- Image-text web data -
========================================
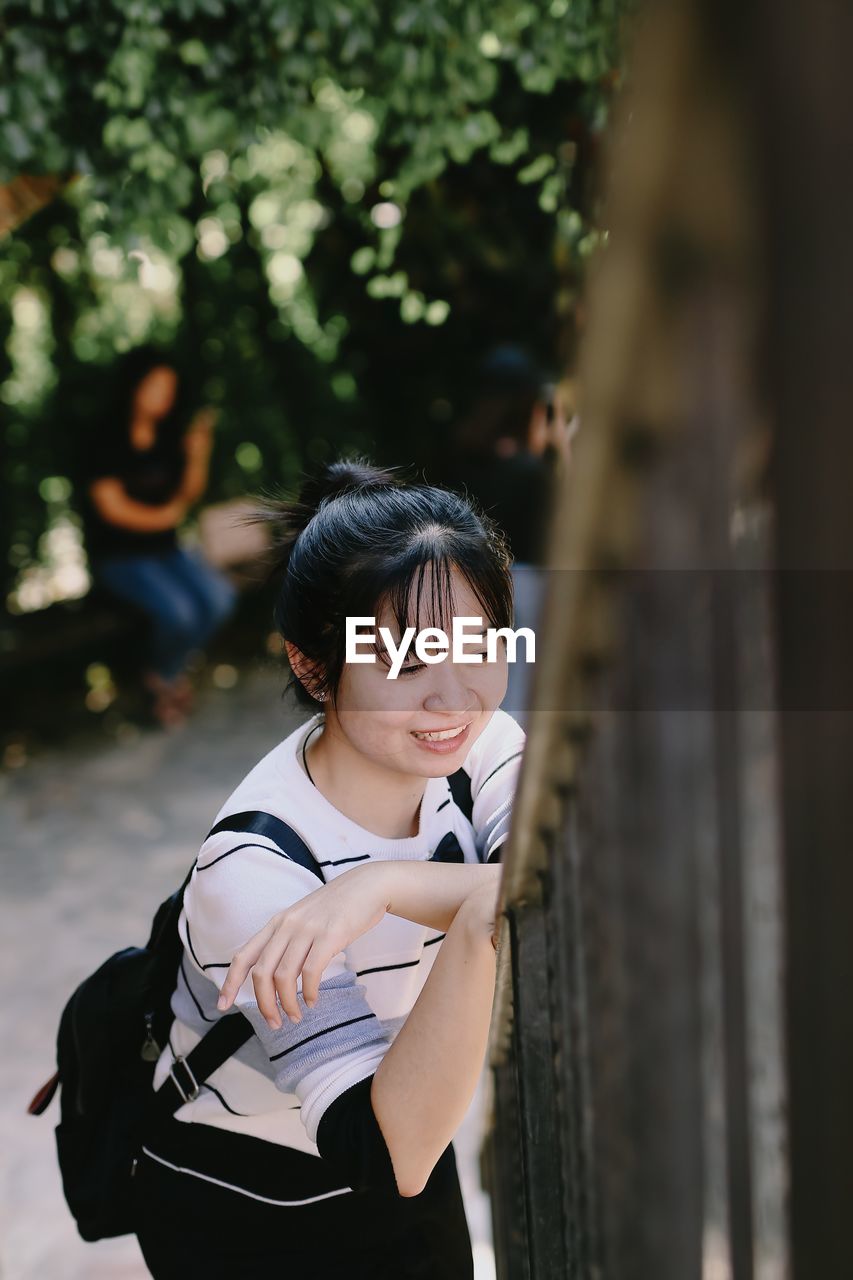 PORTRAIT OF BEAUTIFUL YOUNG WOMAN STANDING AGAINST BLURRED BACKGROUND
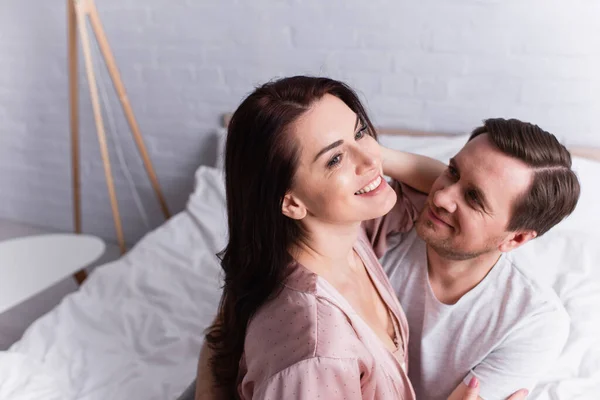 Sorrindo homem abraçando esposa na cama no fundo borrado — Fotografia de Stock
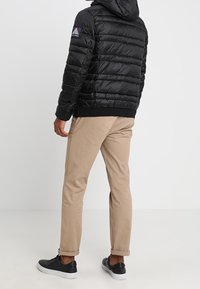 Czarna kurtka puchowa z kapturem, z prostokątnym pikowanym wzorem i logo na ramieniu. Połączona z beżowymi spodniami i czarnymi trampkami.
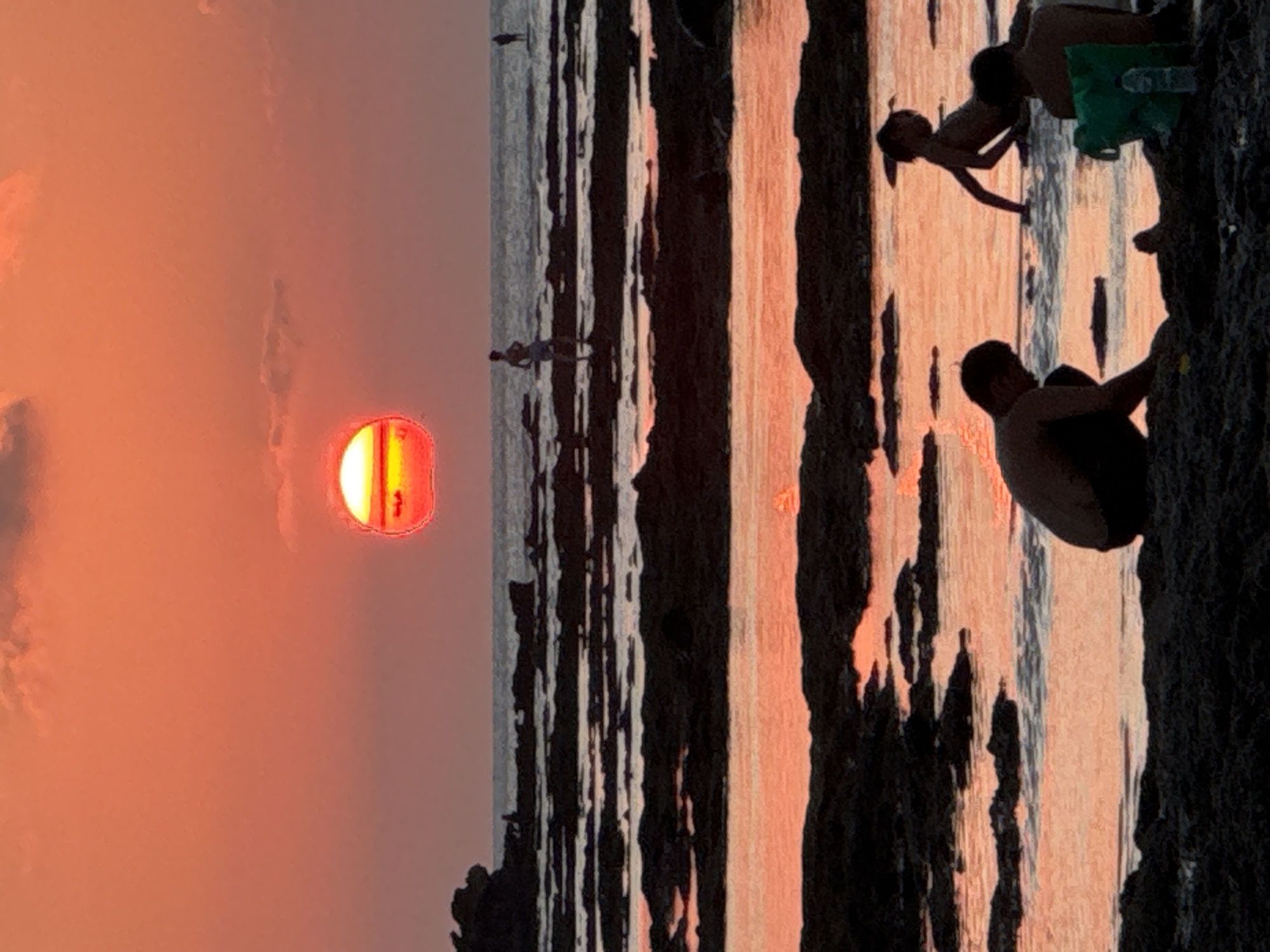 A group of people are at the beach in Kuta Selatan, Indonesia, as the sun sets over the ocean. The sky is a vibrant orange and pink, with scattered clouds. The sun, a fiery orb, is partially obscured by the horizon. In the foreground, several people are silhouetted against the bright sky. One person is kneeling and digging in the sand. Two children are playing in the shallow water, and another person is seated. In the distance, two more individuals are standing on the rocky shoreline, looking out at the sea. The water is calm and reflects the colors of the sunset. Rocks jut out of the water, creating a textured landscape. A green bag and a water bottle are visible on the sand in the foreground.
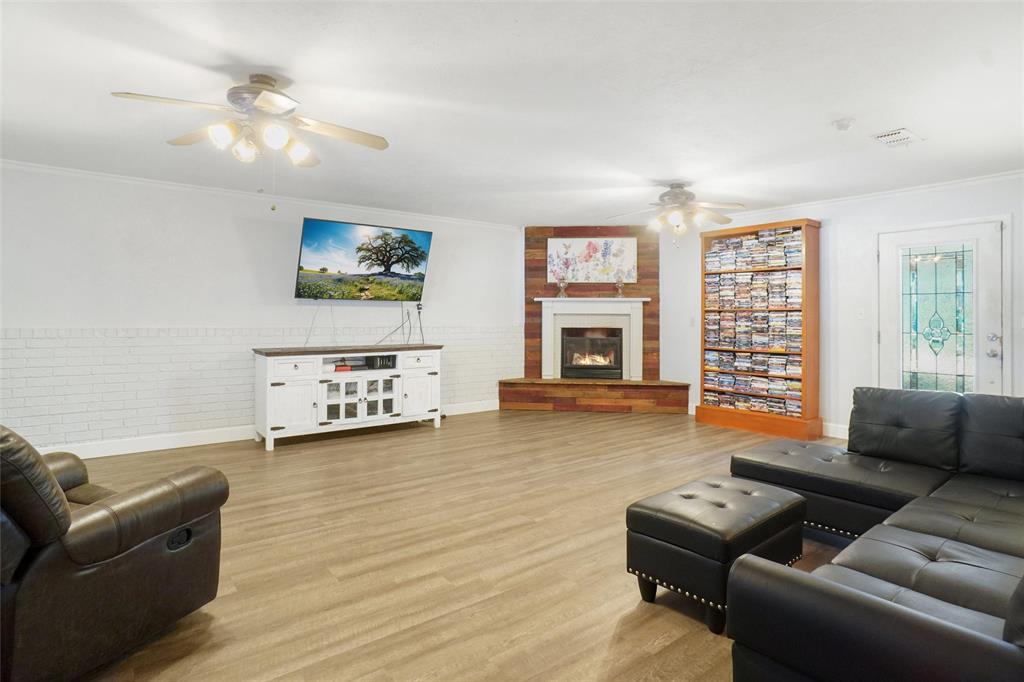 3200 Farm To Market 51 Decatur, TX 76234 - Photo 2 of 22 a living room with furniture and a flat screen tv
========================================
- Task to carry out -
Transcribe the data verbatim. No picture belongs in the result.

- Problem solution -
 PORTRAIT OF BEAUTIFUL YOUNG WOMAN STANDING AGAINST BLURRED BACKGROUND
 Sorrindo homem abraçando esposa na cama no fundo borrado — Fotografia de Stock
 Czarna kurtka puchowa z kapturem, z prostokątnym pikowanym wzorem i logo na ramieniu. Połączona z beżowymi spodniami i czarnymi trampkami.
 A group of people are at the beach in Kuta Selatan, Indonesia, as the sun sets over the ocean. The sky is a vibrant orange and pink, with scattered clouds. The sun, a fiery orb, is partially obscured by the horizon. In the foreground, several people are silhouetted against the bright sky. One person is kneeling and digging in the sand. Two children are playing in the shallow water, and another person is seated. In the distance, two more individuals are standing on the rocky shoreline, looking out at the sea. The water is calm and reflects the colors of the sunset. Rocks jut out of the water, creating a textured landscape. A green bag and a water bottle are visible on the sand in the foreground.
 3200 Farm To Market 51 Decatur, TX 76234 - Photo 2 of 22 a living room with furniture and a flat screen tv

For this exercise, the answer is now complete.